The Burning Chambers Series by Kate Mosse – 2 books, with a third book in progress. The first is The Burning Chambers, set in Languedoc in the south-west of France in 1562 during the French Wars of Religion. It’s centred on the Joubert family, Catholics living in Carcassonne and Piet Reydon, one of the Huguenot leaders. Bernard Joubert, a bookseller had been imprisoned accused of being a traitor and a heretic after he had let slip information about a secret will. It’s a complicated story of war, conspiracies, love, betrayal, forgery, torture and family secrets.

Cicero Series by Robert Harris- set in Ancient Rome – three books. The first is Imperium. Beginning in 79 BC, this book set in the Republican era is a fictional biography of Marcus Tullius Cicero by Tiro, his slave secretary. It is basically a political history, a story filled with intrigue, scheming and treachery in the search for political power as Cicero, a senator, works his way to power as one of Rome’s two consuls.

Theseus Series by Mary Renault – Two books, The King Must Die and The Bull from the Sea. I remember being captivated by these books when I first read them years ago and would so like to re-read them. They retell the life of the mythological Greek hero Theseus, following his adventures from Troizen to Eleusis, where the death in the book’s title is to take place, and from Athens to Crete, where he learns to jump bulls and is named king of the victims. In the second book Theseus defies the Gods’ and claims the throne of Athens a move that culminates in the terrible, fateful destruction of the house of Minos where he slays the Minotaur.
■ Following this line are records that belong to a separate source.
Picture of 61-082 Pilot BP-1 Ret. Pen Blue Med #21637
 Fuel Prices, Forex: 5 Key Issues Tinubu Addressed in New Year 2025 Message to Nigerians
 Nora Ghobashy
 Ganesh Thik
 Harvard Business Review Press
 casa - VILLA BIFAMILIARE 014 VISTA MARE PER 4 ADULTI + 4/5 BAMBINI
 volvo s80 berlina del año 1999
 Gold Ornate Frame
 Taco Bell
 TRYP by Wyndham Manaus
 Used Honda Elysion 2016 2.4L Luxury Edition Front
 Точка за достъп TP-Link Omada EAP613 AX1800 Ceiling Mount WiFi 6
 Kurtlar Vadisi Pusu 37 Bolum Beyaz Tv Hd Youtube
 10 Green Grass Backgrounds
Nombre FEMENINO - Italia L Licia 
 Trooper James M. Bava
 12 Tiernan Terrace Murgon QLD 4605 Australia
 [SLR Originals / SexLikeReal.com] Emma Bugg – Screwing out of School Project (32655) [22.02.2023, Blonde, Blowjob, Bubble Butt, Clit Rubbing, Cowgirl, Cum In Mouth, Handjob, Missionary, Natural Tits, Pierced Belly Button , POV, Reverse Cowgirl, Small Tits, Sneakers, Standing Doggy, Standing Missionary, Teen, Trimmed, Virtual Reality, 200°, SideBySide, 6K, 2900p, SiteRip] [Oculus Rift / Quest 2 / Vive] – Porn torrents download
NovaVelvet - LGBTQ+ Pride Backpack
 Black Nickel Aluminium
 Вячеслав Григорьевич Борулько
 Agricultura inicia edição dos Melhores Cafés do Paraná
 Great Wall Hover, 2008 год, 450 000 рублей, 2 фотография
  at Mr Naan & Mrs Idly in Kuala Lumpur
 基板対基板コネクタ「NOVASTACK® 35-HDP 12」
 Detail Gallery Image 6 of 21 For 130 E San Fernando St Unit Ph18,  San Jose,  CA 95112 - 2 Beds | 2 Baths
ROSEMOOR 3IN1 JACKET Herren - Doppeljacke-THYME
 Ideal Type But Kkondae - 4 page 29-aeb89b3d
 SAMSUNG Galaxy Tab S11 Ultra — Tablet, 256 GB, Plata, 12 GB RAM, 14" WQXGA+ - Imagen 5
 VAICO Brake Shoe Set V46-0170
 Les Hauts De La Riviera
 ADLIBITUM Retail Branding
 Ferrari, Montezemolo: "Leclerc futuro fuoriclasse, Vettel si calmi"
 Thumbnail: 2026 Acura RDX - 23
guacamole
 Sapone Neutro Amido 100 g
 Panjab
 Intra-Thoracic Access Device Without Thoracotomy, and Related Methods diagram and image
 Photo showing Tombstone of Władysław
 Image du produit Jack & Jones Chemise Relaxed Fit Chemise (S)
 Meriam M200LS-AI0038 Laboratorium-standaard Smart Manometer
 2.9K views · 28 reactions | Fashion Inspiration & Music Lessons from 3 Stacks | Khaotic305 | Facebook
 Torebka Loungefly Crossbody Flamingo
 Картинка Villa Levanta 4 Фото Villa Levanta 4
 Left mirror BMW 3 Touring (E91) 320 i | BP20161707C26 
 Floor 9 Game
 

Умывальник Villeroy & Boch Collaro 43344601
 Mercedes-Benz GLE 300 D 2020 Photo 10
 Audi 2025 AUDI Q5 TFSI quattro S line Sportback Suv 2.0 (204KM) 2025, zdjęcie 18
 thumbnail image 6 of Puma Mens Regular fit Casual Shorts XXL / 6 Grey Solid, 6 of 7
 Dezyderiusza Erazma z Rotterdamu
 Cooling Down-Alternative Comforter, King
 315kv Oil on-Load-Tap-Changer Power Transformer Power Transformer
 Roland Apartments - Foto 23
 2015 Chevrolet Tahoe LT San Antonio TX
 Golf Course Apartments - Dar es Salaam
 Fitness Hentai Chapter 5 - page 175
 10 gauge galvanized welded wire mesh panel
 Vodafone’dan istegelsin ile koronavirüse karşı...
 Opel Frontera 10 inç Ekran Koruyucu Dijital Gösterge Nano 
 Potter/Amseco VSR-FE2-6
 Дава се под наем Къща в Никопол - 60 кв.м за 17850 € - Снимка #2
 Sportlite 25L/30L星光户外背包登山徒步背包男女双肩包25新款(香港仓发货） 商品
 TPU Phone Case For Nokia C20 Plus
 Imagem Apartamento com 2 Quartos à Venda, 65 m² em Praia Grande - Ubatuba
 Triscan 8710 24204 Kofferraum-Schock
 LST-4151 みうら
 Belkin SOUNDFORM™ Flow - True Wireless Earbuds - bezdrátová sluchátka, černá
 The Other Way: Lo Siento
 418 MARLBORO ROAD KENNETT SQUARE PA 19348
Alexander Seaton Series by Shona MacLean, set in 17th century Scotland. Four books, the first is The Redemption of Alexander Seaton. It is set in the town of Banff, Scotland in the 1620s. One stormy night Patrick Davidson, the local apothecary’s assistant collapses in the street. The next morning he is found dead in the school house of Alexander Seaton, a failed minister, now a schoolteacher. When one of Alexander’s few friends in the town is arrested for the murder, he sets out to prove his innocence.